The climate during the Palaeogene, as indicated by the palynoflora, was generally warm temperate, and marked a period of significant cooling following the tropical conditions of the Late Cretaceous (e.g. Jolley, 1997). Where Upper Cretaceous (Maastrichtian) chalk is still preserved below the lavas, for example in west and south-west Mull and on the Morvern peninsula, residual deposits of ‘clay with flints’ are found together with a karstic surface with a relief of up to several metres. Elsewhere, further evidence of pre-lava relief is provided where Palaeogene, coal-bearing strata and channel-fill conglomerates typical of fluviatile environments are preserved locally within small pockets between the lavas.
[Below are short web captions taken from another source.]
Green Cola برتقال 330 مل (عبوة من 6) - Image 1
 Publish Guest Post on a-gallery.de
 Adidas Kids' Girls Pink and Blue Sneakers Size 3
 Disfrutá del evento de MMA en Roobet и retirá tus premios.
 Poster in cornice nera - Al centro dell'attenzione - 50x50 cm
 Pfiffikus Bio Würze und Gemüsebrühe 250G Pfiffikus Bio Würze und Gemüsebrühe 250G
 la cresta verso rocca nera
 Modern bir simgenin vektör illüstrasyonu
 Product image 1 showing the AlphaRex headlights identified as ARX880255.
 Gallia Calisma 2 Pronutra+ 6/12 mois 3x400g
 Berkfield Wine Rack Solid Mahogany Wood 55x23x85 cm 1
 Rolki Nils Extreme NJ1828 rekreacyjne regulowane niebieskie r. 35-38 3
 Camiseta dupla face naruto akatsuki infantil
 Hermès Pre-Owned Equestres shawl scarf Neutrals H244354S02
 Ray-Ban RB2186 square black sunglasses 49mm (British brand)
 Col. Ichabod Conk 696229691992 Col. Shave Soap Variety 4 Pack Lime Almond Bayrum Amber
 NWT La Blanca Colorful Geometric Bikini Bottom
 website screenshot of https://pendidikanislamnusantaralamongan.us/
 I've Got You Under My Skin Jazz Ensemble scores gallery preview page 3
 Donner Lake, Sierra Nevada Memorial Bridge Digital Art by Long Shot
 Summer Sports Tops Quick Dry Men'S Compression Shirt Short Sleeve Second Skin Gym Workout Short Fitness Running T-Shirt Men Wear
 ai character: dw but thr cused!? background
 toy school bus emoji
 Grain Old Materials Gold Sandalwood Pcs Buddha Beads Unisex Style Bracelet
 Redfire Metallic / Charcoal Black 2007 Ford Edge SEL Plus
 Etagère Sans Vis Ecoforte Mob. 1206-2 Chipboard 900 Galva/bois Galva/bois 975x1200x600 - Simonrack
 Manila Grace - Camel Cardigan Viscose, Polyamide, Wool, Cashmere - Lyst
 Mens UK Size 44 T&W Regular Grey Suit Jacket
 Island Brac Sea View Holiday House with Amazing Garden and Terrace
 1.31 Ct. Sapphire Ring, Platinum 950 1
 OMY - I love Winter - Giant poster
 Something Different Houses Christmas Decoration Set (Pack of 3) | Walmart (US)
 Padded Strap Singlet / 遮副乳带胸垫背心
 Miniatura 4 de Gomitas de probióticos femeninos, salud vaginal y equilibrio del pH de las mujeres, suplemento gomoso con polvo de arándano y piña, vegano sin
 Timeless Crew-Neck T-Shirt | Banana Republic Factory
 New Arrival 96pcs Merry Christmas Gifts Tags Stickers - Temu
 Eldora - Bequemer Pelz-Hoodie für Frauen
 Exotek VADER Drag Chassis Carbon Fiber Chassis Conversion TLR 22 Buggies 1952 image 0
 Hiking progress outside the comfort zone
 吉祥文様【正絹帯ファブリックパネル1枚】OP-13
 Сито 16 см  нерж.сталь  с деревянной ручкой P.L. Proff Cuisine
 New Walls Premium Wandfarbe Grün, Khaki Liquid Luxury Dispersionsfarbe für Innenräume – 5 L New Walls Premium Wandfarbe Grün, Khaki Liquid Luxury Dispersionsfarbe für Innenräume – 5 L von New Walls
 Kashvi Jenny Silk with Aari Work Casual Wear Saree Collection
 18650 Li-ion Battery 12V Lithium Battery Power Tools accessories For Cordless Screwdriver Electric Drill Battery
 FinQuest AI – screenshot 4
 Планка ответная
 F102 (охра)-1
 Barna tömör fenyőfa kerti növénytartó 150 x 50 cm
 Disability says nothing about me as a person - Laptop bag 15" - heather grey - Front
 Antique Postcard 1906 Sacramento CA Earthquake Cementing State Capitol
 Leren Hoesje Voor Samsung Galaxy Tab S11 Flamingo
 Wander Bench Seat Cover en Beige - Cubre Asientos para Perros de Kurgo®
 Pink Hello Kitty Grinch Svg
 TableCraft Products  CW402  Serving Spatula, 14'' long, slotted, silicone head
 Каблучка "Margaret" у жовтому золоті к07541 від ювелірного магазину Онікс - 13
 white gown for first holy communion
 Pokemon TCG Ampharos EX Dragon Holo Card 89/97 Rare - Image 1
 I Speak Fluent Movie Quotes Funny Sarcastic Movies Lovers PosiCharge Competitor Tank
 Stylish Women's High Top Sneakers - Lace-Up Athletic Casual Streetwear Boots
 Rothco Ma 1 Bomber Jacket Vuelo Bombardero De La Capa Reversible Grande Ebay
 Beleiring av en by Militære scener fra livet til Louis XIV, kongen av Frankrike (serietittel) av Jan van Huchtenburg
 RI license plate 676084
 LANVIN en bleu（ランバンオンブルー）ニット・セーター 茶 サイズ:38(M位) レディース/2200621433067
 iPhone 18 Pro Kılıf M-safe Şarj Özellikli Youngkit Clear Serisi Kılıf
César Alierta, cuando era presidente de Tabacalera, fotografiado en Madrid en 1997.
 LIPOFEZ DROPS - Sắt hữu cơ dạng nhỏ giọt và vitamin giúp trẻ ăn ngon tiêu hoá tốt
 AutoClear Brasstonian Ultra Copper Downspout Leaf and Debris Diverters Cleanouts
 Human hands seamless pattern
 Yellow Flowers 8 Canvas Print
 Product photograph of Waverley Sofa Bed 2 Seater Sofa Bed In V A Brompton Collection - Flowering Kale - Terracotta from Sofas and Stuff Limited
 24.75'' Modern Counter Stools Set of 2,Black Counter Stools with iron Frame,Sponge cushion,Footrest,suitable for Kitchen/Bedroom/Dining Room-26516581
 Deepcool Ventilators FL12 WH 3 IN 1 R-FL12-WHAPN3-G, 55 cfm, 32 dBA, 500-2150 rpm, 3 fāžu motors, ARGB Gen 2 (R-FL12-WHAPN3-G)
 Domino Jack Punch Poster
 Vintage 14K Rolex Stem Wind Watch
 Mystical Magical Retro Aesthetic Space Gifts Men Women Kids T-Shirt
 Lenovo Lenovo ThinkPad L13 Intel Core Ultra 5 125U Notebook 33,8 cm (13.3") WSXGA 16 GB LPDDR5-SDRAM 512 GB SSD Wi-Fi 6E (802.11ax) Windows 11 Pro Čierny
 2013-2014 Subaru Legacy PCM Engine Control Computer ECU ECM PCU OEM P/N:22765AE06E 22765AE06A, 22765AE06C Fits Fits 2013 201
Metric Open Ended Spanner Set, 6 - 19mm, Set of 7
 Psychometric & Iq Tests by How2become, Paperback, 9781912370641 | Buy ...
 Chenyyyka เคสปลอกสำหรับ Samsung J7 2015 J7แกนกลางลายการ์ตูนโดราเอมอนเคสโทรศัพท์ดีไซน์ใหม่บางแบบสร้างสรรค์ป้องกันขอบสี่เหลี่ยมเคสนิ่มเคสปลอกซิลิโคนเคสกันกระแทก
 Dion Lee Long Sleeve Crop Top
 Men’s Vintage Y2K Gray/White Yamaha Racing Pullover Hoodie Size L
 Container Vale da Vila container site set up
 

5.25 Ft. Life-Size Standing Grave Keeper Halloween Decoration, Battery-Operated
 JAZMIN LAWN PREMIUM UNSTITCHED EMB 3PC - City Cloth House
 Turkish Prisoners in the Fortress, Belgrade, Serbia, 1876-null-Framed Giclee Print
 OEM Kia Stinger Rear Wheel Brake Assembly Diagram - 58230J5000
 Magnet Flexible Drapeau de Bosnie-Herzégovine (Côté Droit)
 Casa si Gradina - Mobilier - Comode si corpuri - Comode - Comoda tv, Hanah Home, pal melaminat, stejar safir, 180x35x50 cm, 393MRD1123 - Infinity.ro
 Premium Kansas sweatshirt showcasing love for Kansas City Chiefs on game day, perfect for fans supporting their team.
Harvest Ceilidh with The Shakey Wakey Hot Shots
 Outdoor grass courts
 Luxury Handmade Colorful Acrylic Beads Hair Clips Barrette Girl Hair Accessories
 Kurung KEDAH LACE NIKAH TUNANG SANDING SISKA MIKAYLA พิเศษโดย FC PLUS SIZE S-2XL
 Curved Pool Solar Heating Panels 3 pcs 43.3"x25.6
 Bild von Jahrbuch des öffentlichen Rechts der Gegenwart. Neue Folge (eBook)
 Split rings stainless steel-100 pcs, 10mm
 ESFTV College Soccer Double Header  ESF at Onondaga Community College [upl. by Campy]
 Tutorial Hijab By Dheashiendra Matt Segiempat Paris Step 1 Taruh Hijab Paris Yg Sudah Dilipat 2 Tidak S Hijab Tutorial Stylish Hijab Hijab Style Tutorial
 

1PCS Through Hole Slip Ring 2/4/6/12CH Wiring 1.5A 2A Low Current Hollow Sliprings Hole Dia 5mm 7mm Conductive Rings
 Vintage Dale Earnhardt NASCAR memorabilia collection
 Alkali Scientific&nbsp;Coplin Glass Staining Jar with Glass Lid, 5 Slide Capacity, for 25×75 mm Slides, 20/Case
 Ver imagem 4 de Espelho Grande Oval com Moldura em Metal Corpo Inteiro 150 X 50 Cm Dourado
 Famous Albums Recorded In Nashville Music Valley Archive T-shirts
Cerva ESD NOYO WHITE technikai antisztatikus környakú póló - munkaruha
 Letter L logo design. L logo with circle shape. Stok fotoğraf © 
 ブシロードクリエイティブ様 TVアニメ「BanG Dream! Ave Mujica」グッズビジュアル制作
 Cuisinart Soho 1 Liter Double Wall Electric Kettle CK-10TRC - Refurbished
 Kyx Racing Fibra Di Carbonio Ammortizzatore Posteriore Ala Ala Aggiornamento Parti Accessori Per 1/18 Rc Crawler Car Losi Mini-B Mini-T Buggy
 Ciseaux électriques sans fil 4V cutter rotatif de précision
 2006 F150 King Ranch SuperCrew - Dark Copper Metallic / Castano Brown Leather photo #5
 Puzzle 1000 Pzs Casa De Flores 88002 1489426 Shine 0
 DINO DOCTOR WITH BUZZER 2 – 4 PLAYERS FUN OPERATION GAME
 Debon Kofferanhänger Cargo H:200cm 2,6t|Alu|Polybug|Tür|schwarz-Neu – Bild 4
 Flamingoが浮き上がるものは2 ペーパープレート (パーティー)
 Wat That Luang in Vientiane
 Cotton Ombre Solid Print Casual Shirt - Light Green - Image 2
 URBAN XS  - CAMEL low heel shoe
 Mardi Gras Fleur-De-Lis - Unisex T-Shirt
The initial phases of volcanic activity in both the Skye and Mull lava fields were marked by the eruption of basaltic scoria from fissure-controlled cones, and by the extrusion of lavas into shallow water with the formation of hyaloclastite deposits (P580460). Magma was also intruded as shallow sills into unconsolidated, water-saturated sediments (mainly silt and mud) of Palaeogene age. On Mull, the presence of basaltic pillow lavas has been used to infer the presence of a water-filled caldera during the development of a later central volcano (Bailey et al., 1924).

Pauses in the predominantly subaerial volcanic activity are marked in the lavas by the development of weathered tops that pass up into relatively thick and laterally continuous red (oxidised) palaeosols (boles). During these periods, lacustrine sediments (clay, silt and peaty mire) accumulated in shallow depressions on the land surface, together with fluviatile channel-fills that formed condensed sequences of conglomerate, sandstone, siltstone and coal. These sedimentary sequences have been used to subdivide the lavas of Skye and Rum into a number of coherent formations (Anderson and Dunham, 1966; Emeleus, 1985, 1997; Williamson and Bell, 1994; Tables 11; 12; 14). On Mull and Morvern, the scarcity of sedimentary beds or other distinctive stratigraphical markers has so far limited subdivision of the lavas (Table 15). The conglomerates within the lava sequences also provide provenance information for the periods during which active erosion occurred. Locally, thick accumulations of debris formed during construction of the lava fields, for example at Maclean’s Nose, south of Ben Hiant on the Ardnamurchan peninsula (Richey and Thomas, 1930), and at Compass Hill on the east side of Canna (Harker, 1908; Emeleus, 1997).

The original limits of the lava fields are not easily estimated. However, Preston (1982) pointed out that the coastal cliffs, up to 300 m high, which mark the onshore truncation of the lava piles on, for example Skye and Mull, taken together with the horizontal attitude and thickness of the lava piles, suggests that they extended at least 50 km beyond their present-day limits. Extensive areas of basaltic lavas are known to exist beneath the sea south-west of Skye and west and north-west of Mull (P914127).